Document Ingestion Service (Python)

This document describes the FastAPI application serving as the Ingestion Service for ChainAlign. It orchestrates the document ingestion pipeline, utilizing Google Cloud Document AI for processing various document types, Google Cloud Storage for file handling, and external microservices for chunking, embedding, and natural language extraction.

Overview

The Ingestion Service is a FastAPI application responsible for managing the lifecycle of documents from upload to structured storage and further processing.

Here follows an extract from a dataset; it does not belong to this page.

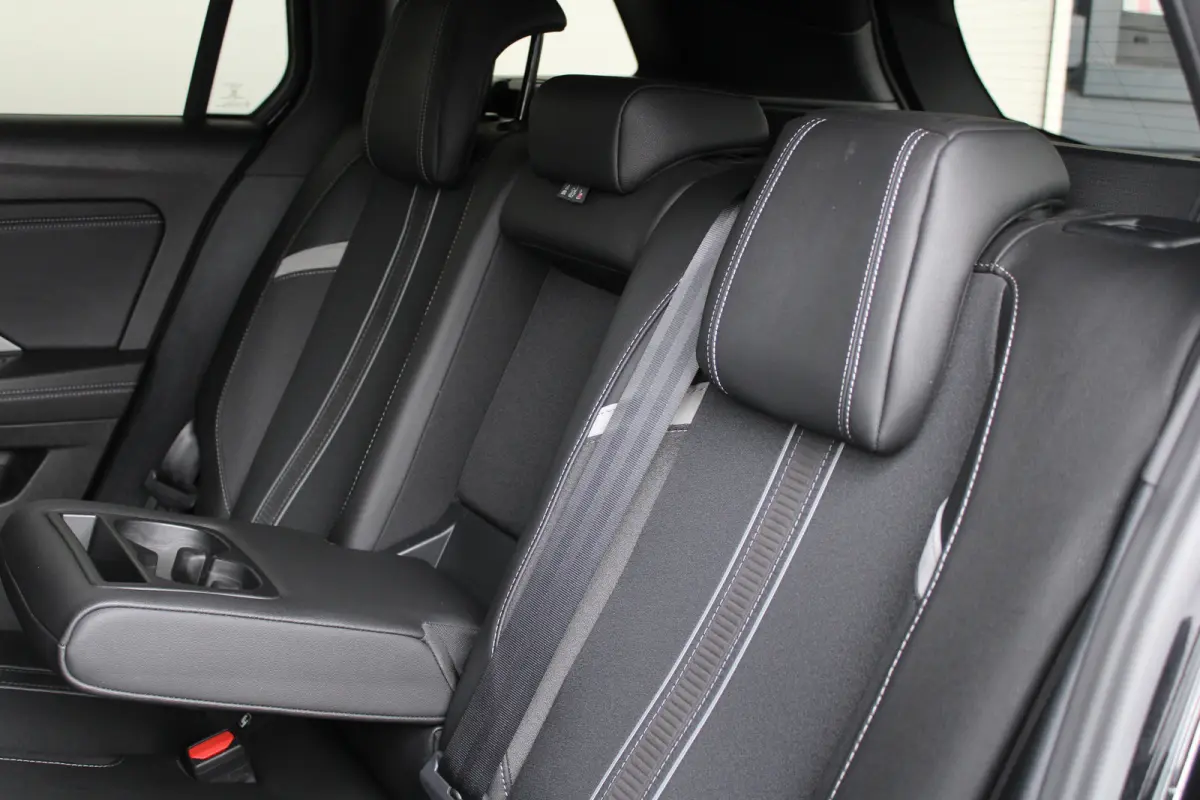 1.2 Turbo Hybrid GS | Adaptieve cruise control | AGR stoelen | Keyless entry | Keyless start |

Key functionalities include:

  • Receiving document uploads via a REST API.
  • Processing documents using Document AI for compatible types (PDF, images).
  • Direct processing of text-based files (Markdown, TXT, CSV).
  • Calling external services for content-aware chunking and embedding generation.
  • Storing processed document chunks and metadata in a PostgreSQL database.
  • Integrating with a LangExtract service for entity, attribute, and relationship extraction.
  • Providing health check and batch status endpoints.

Environment Variables

The service relies on several environment variables for configuration, including database connection details, Google Cloud project settings, and URLs for external services.

Helper Functions

create_document_record(tenant_id, title, file_path, status, doc_type, metadata)

Creates a new document record in the database.

store_chunk(tenant_id, document_id, chunk_text, chunk_order, embedding, metadata)

Stores a document chunk and its embedding in the database.

generate_embedding(text)

Generates an embedding for a given text using Vertex AI.

strip_markdown(markdown_text)

Strips markdown formatting from a given text.

API Endpoints

POST /ingest/

Summary: Ingests a document for processing.

Description: Receives an uploaded file, determines its type, and initiates the appropriate processing pipeline (direct text processing or Document AI batch processing).

Parameters:

  • tenant_id (query parameter): The ID of the tenant associated with the document.
  • file (form data): The document file to upload.

Responses:

  • 200 OK: Document accepted for processing.
  • 400 Bad Request: No file uploaded or unsupported file type.
  • 500 Internal Server Error: Error during processing.

GET /health

Summary: Health check endpoint.

Description: Returns the status of the service, indicating whether Google Cloud clients are initialized.

Responses:

  • 200 OK: { "status": "ok", "google_cloud_initialized": true } or { "status": "error", "google_cloud_initialized": false, "detail": "Google Cloud clients not initialized." }

GET /batch-status/{operation_name}

Summary: Get the status of a Document AI batch processing operation.

Description: Retrieves the current status of a long-running Document AI operation.

Parameters:

  • operation_name (path parameter): The full name of the Document AI operation.

Responses:

  • 200 OK: { "status": "running" }, { "status": "completed" }, or { "status": "failed" }.
  • 500 Internal Server Error: Error checking batch status.